Target marketing concept in modern flat design style with graphs, icons and business related elements isolated on colored stylish background
Nel Content Marketing – e in generale in tutti gli ambiti del marketing digitale – si dice spesso che l’audience è un vero e proprio asset su cui fare leva per creare valore sostenibile.
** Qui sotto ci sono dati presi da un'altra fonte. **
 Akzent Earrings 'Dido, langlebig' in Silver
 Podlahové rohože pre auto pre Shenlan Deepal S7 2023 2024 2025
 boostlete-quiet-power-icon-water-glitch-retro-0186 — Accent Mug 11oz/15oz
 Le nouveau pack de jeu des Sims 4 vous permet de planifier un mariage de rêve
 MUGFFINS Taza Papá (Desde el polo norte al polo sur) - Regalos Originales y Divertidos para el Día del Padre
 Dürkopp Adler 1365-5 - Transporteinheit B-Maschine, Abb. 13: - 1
In effetti tra content caos, inflazione di comunicazioni e ingorghi pubblicitari (a tal proposito, ti segnalo la sempre interessante opera di Giorgio Triani dell’Università di Parma), avere una audience di persone all’ascolto fidelizzata, stimolata e stimolante è una variabile di importanza primaria. Al pari di un buon prodotto o un customer care formidabile.
In particolare, l’esperto di Content Marketing Robert Rose – che ho avuto il piacere di avere come curatore della Prefazione del mio ultimo libro – ha fatto alcuni ragionamenti molto interessanti all’interno di un articolo sull’Audience Valuation Engine, un nuovo framework per calcolare il ROI dell’audience del Content Marketing.
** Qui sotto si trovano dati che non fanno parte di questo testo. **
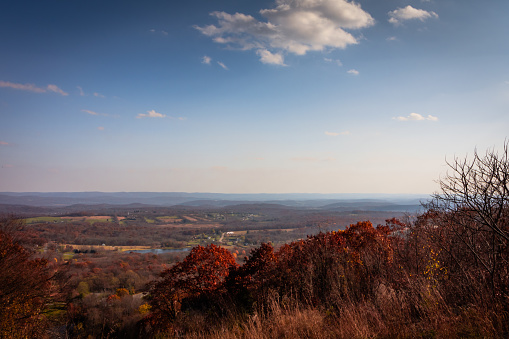 AT trail overlook in High Point State Park in Sussex County on a sunny fall afternoon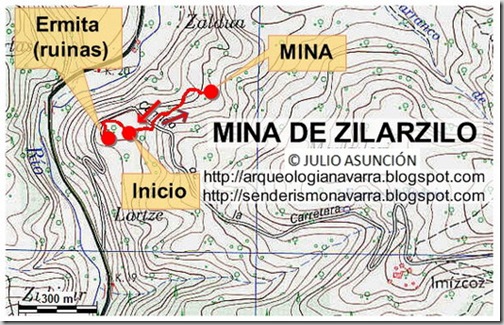 Mapa mina de Zilarzilo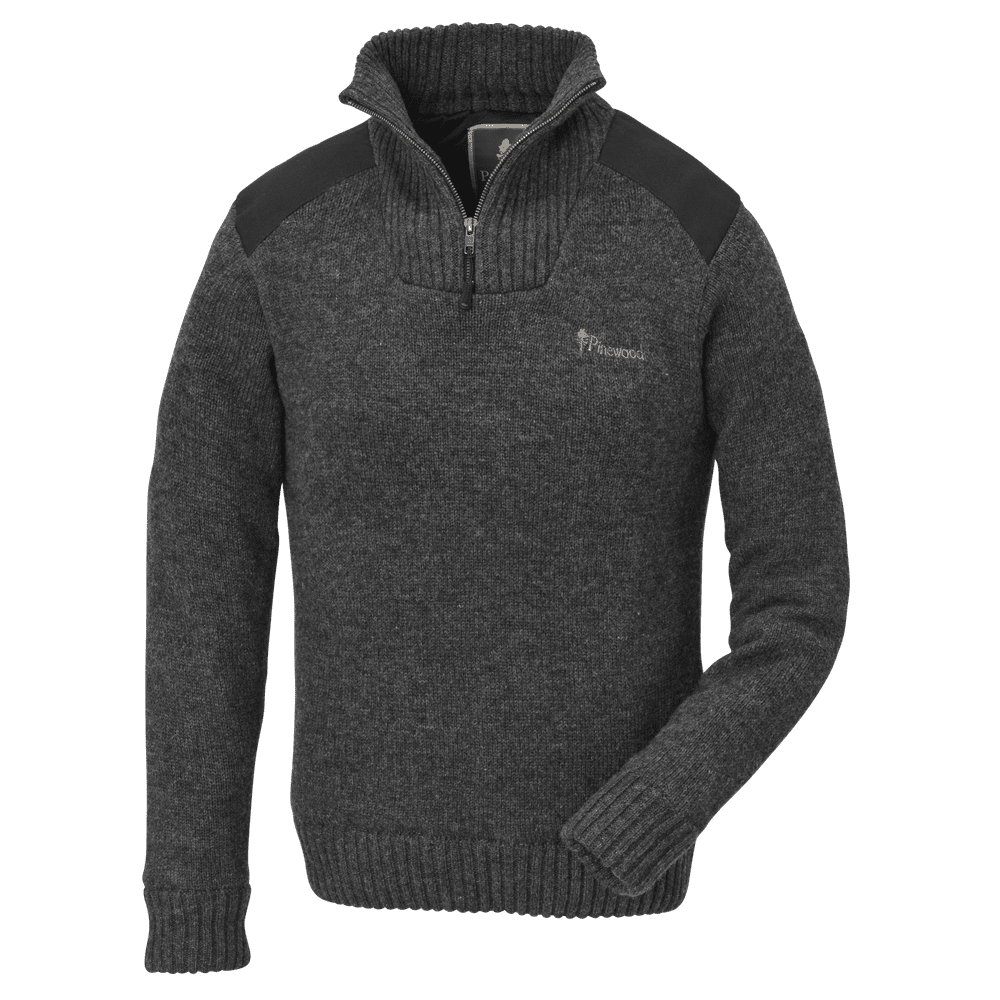 Tröja Hurricane Dam MÖRKGRÅMELERAD / XS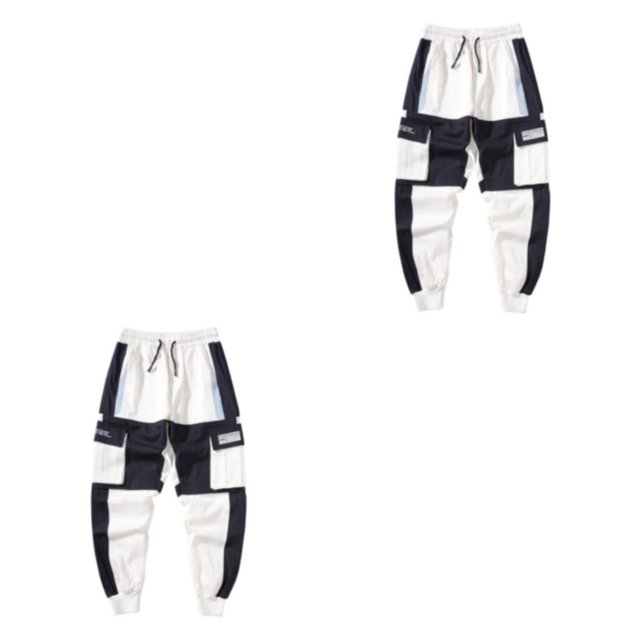kurtrusly 1/2/3 Comfortable And Stylish Pants For Men - Everyday Essential Wide Application D264white XL 2PCS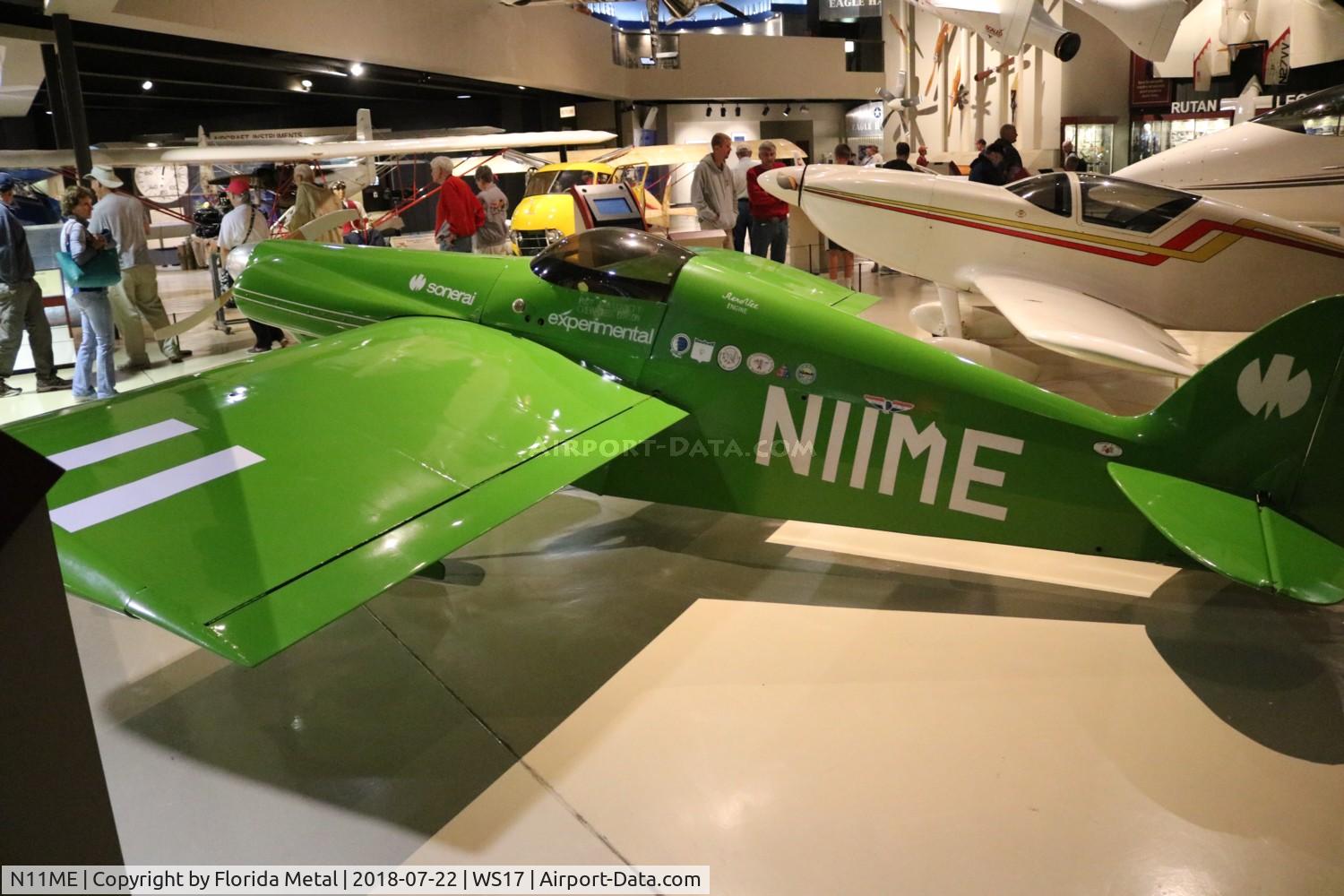 N11ME, 1971 Monnett Sonerai I C/N 1, EAA Museum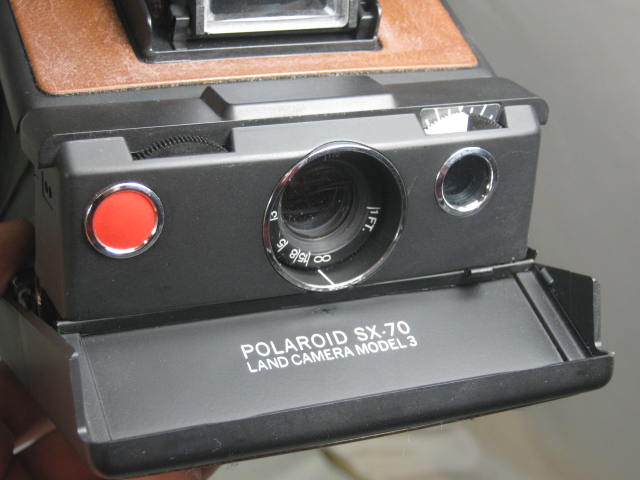 Vtg Polaroid SX-70 Instant Film Land Camera Model 3 W/ Case Manual Warranty Card 2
Prima di continuare, rispondo a una domanda che ti saresti fatto nelle prossime righe:
Cosa è un’audience?
La definizione semplice considera l’audience un insieme di persone che si raggruppano (in senso fisico o mediato dalle tecnologie digitali) al fine di vedere o ascoltare una performance di un’entità – nel caso di questo pezzo, di un brand. Una definizione più orientata al marketing considera l’audience un asset popolato da persone che consumano il contenuto creato da una marca o un’organizzazione.
Le audience utili alla progettazione strategica di Content Marketing possono essere di due tipologie principali:
Parallelamente a tali audience, ne esistono altre due – ben più immediate nella comprensibilità: quella effettiva (actual audience) – ovvero, quella su cui stai lavorando con tutti gli sforzi di content creation e community management – e quella desiderata (anticipated / desired audience), che ti segna la direzione e il verso a cui tendere negli sforzi professionali quotidiani.
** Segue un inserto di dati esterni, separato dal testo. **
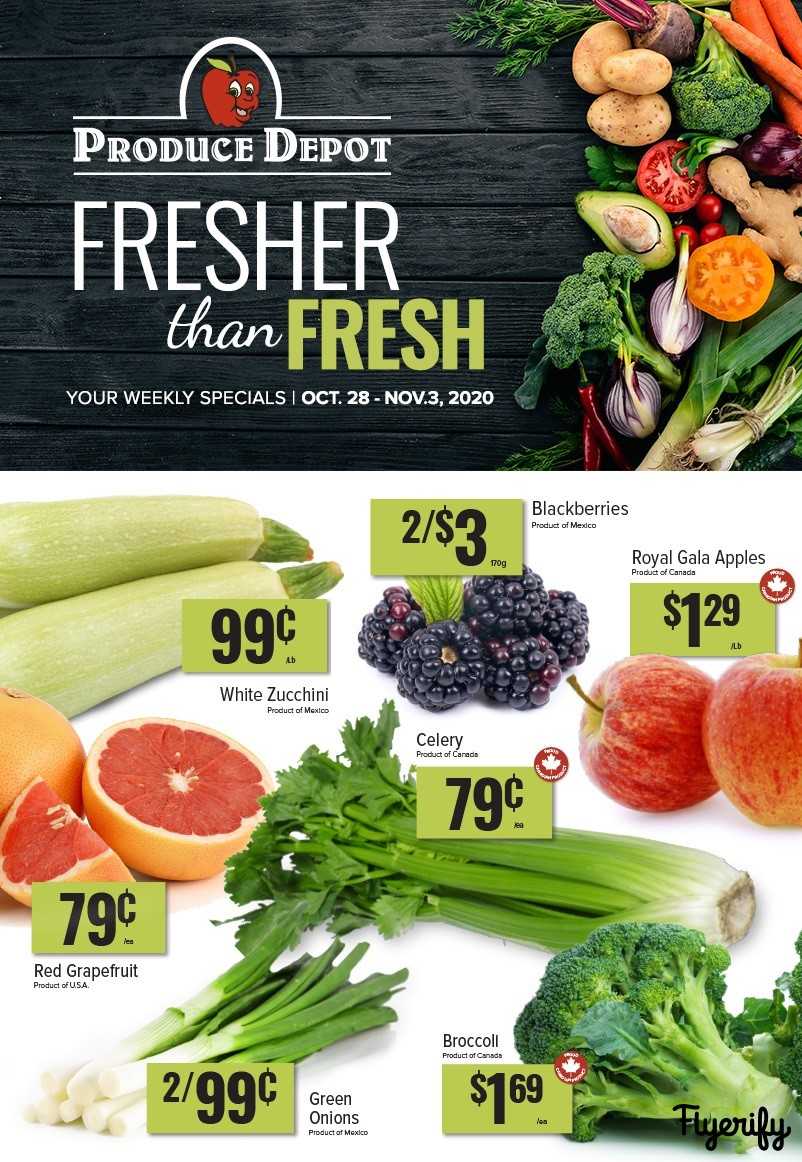 Produce Depot Flyer October 28 to November 3 Canada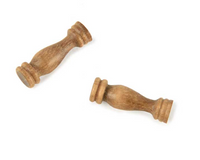 Image of Amati B4035,11 Walnut Stanchions, featuring a set of 11mm precision-cut walnut stanchions, ideal for adding refined and realistic structural details to model ships and nautical dioramas.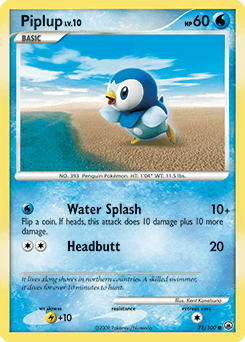 Piplup from Majestic Dawn #71
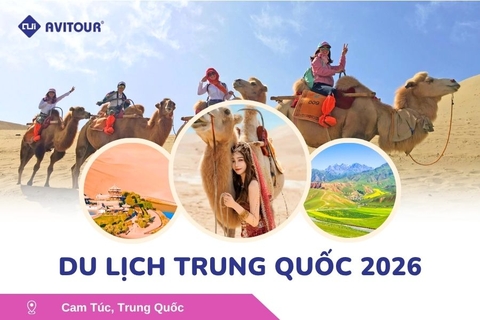 Du lịch Trung Quốc 2026: Tour Hà Nội - Cam Túc - Thanh Hải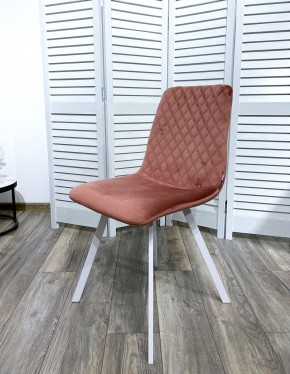 Стул DAIQUIRI BLUVEL-52 PINK / белый каркас, велюр М-City в Качканаре - kachkanar.mebel24.online | фото 7
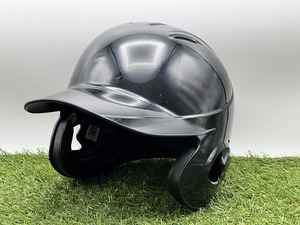 【050806】Mizuno ミズノ 一般用 軟式 両耳付き 打者用 ヘルメット ブラック 1DJHR101 XOサイズ【40421S15】 
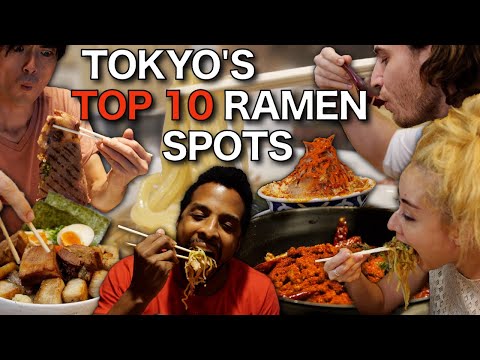 Tokyo’s Top 10 Ramen Spots | Ultimate Japan Bucket List 4K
Come si legano tra loro queste prospettive di approccio all’audience? Il grafico sottostante lo indica con chiarezza.
Il più delle volte, l’audience nel Content Marketing è composta da subscribers.
Non sto parlando solo di persone che si iscrivono alla newsletter del brand, ci mancherebbe: al contrario, penso a tutti gli individui che decidono in prima persona di fare parte del mondo di marca, iscrivendosi a qualsiasi suo asset di comunicazione. Il magazine online, per esempio. O la mailing list. Oppure, ancora, ebook e white paper dedicati a specifici servizi / prodotti.
Ciò rende quella dei subscribers una tipologia di audience davvero interessante, perché raggiungibile direttamente (via indirizzi e-mail, per esempio). Lo sai meglio di me: il sogno del professionista di marketing, ancora oggi, è avere accesso a una comunicazione diretta e intima con le persone con cui desidera interagire.
Con l’idea dei subscribers in testa, Robert Rose spiega bene e in alcuni punti elenco quali sono quelli a maggior valore.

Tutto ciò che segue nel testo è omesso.